Of course if they have not had ample
“positive reinforcement” during the 0-5 year period then
they may already have decided that the only way to get any
attention or feed back at all is to behave badly.
Explanation of Early Childhood
Development:
Our children have 4 tasks to complete by
the age of five:
·
To develop a sense of autonomy – to
develop skills on how to do for self in a positive and
constructive manner.
If our children are using drugs
or exhibiting other anti-social behaviours it is fair to
assume that this task has not been completed.
It is not enough to believe
that our children became the victims of “peer group
pressure” because if they had learnt the difference between
good and bad consequences as a child they would
automatically choose good consequences.
·
To develop a sense of worthiness – I
am loved because I exist.
Often this task is uncompleted
because children perceive that their role is to “please”
everyone else in order to be worthy of love.
This task depends on the
ability of parents to love “unconditionally” and address
behaviours rather than project those behaviours back onto
the “person”.
·
To develop a sense of connectedness –
I belong and I know I am safe and secure as part of the
family unit.
This task is completed when
children have been consulted and included in decision making
and discussions that relate to family matters.

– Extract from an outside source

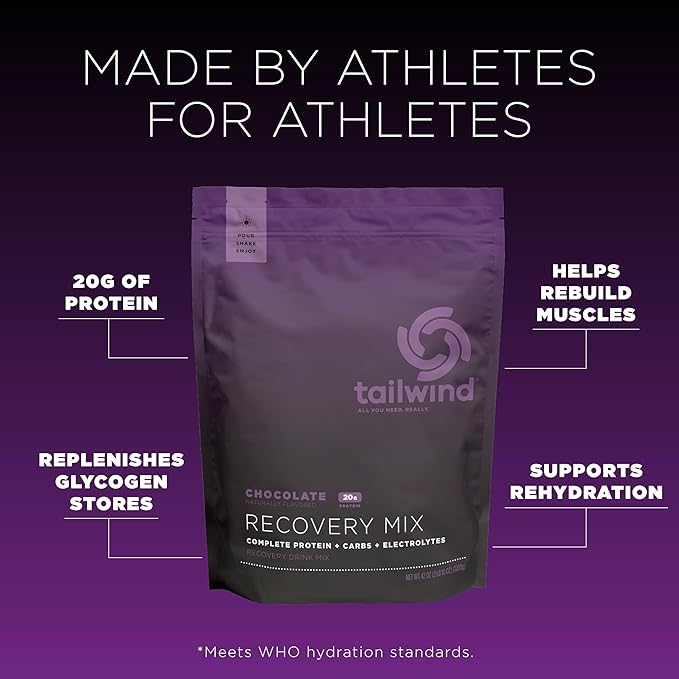 Tailwind Nutrition Recovery Mix, 20 Grams Complete Protein, Carbohydrates, and Electrolytes Powder Drink Mix for Post-Workout, Free of Gluten, Soy, and Dairy, Vegan, 20 Servings, Chocolate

They are given the right to
choose and their opinions are seen to be valued and
respected.
With a strong sense of
connectedness comes also self respect and respect for
others.
·
It is developed through experiential
learning and observation of the coping and surviving skills
of others.
This task is also completed by
parents who are able to exercise a reasonable amount of
external force to protect and guide.
In other words “consistent
parenting” that meets the “needs” of everyone concerned.